The project is being carried out in collaboration with the Guam International Airport Authority. The Simplified Arrival system, meanwhile, is a face-based screening system that enables contactless identity verification at ports of entry. Those that go through the process will be asked to pause at an inspection checkpoint when they arrive in Guam, and that new photo will be matched to a passport or visa photo already on file with the US government.
The biometric identity verification process is mandatory for foreign nationals visiting the US. Those whose identities cannot be confirmed biometrically will be referred to a CBP agent for a more traditional manual inspection. US citizens can also opt out of the facial recognition scan, in which case they will similarly be directed to a CBP agent.
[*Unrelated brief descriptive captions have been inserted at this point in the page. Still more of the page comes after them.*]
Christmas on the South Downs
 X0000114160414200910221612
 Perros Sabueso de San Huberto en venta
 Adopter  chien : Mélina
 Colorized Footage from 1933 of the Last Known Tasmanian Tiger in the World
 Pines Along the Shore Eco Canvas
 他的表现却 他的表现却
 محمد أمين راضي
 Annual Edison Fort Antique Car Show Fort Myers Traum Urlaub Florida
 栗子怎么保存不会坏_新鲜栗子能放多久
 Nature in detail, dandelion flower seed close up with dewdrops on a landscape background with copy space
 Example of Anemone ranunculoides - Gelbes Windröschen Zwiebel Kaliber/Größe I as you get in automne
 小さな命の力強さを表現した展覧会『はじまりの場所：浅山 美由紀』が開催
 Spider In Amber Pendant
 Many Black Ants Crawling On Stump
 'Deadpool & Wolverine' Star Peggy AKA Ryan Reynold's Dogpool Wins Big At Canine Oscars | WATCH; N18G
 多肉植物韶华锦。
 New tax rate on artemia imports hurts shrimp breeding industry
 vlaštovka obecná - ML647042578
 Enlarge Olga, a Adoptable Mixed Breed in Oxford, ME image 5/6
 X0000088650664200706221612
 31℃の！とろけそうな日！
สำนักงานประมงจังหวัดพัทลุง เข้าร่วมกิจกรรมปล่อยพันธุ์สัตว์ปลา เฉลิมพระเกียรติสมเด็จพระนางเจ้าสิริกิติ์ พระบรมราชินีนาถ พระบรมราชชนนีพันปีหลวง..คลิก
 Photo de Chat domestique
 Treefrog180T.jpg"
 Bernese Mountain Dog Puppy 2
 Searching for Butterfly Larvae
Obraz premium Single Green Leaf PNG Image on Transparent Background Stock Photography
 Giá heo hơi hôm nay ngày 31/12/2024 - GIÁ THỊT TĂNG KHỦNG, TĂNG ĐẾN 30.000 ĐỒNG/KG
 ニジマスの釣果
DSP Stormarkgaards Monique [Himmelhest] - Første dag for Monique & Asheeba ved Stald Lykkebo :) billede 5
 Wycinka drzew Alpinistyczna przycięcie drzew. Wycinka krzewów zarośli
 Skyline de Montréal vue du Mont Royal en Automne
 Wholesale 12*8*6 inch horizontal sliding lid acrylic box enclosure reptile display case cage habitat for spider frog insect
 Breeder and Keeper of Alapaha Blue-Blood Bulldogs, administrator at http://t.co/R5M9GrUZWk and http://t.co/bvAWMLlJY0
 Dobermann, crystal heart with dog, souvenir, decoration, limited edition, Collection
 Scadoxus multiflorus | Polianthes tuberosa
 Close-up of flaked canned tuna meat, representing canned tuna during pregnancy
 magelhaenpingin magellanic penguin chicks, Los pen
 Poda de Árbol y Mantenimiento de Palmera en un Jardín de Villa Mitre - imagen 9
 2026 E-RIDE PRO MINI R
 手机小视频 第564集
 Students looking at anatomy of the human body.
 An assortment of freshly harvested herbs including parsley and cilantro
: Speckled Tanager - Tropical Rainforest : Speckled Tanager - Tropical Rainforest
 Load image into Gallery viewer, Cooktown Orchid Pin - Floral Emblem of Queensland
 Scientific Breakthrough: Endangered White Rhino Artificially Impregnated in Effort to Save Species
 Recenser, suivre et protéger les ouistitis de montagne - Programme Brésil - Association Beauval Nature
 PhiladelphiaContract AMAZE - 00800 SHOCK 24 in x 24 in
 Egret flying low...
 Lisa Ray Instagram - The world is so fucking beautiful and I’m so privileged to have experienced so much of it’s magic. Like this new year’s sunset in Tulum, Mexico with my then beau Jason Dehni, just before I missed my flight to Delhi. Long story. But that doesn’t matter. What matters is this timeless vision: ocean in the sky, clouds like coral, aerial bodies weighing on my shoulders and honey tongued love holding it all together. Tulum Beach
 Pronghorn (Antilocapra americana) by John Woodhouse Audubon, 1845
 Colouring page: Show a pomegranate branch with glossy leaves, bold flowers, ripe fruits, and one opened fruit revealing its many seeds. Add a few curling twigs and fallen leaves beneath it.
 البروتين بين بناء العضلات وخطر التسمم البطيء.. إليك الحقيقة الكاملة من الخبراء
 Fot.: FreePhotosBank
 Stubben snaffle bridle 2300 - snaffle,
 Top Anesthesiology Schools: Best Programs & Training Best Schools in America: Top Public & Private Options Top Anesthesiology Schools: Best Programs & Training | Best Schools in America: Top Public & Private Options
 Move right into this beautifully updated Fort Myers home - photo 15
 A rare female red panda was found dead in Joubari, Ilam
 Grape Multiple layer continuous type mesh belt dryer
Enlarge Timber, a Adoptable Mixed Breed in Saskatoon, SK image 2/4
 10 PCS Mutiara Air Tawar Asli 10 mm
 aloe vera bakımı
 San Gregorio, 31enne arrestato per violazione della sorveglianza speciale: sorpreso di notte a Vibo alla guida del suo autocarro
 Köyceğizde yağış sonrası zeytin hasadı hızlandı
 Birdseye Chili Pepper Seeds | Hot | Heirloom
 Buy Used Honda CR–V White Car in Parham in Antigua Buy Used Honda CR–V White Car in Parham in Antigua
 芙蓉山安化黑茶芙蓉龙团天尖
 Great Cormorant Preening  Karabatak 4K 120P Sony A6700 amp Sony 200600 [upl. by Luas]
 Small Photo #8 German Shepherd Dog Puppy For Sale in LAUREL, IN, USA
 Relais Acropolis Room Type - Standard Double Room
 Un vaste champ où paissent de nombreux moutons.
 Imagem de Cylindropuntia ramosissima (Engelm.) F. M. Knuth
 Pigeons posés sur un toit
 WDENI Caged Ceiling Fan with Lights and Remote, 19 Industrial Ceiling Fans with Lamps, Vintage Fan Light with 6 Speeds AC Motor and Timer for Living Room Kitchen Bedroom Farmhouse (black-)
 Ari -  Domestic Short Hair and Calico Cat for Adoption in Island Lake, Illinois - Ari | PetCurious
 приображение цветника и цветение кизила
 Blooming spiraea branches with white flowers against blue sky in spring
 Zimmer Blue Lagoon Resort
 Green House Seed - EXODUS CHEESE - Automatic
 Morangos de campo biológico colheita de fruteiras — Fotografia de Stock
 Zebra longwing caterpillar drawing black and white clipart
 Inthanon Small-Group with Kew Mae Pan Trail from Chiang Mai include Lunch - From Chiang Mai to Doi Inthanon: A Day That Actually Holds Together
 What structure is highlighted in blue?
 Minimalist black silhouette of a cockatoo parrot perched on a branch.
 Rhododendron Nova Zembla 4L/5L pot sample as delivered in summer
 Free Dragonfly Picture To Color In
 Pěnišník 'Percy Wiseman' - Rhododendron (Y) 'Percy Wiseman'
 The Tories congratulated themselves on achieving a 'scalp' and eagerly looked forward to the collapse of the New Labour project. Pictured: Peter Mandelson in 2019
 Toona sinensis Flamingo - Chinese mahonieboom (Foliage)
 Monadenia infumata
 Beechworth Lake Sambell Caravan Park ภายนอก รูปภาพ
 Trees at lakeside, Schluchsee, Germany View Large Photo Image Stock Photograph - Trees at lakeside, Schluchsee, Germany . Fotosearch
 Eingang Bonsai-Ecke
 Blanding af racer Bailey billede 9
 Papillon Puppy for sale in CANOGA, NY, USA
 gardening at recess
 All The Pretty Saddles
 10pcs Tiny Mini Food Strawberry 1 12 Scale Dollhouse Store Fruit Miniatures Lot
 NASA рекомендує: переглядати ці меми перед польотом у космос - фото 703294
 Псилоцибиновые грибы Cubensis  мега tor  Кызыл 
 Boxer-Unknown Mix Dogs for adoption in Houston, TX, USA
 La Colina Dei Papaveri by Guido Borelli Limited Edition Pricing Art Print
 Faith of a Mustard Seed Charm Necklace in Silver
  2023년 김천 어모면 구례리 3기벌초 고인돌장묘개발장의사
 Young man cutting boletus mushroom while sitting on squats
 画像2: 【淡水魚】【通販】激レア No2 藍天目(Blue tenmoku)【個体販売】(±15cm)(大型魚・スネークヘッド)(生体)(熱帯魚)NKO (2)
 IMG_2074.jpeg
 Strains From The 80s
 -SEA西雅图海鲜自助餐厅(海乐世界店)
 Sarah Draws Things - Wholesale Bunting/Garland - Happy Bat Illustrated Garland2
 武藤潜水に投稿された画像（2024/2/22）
Both US and foreign travelers are expected to present a legitimate travel document at that time.
The photos of foreign nationals will be permanently stored in a Department of Homeland Security Database, while those of US citizens will be deleted after 12 hours. The Simplified Arrival system is now been installed for those entering the US at 172 international airports, a figure that includes several Preclearance locations outside the United States. Simplified Arrival is also being used to screen departing travelers at 32 airports.
CBP has been aggressively trying to expand the Simplified Arrival network for much of the past year. The system debuted at airports in Denver, Charlotte, Honolulu, and Tampa Bay in the past few months alone, and at land border crossings in Texas and New York.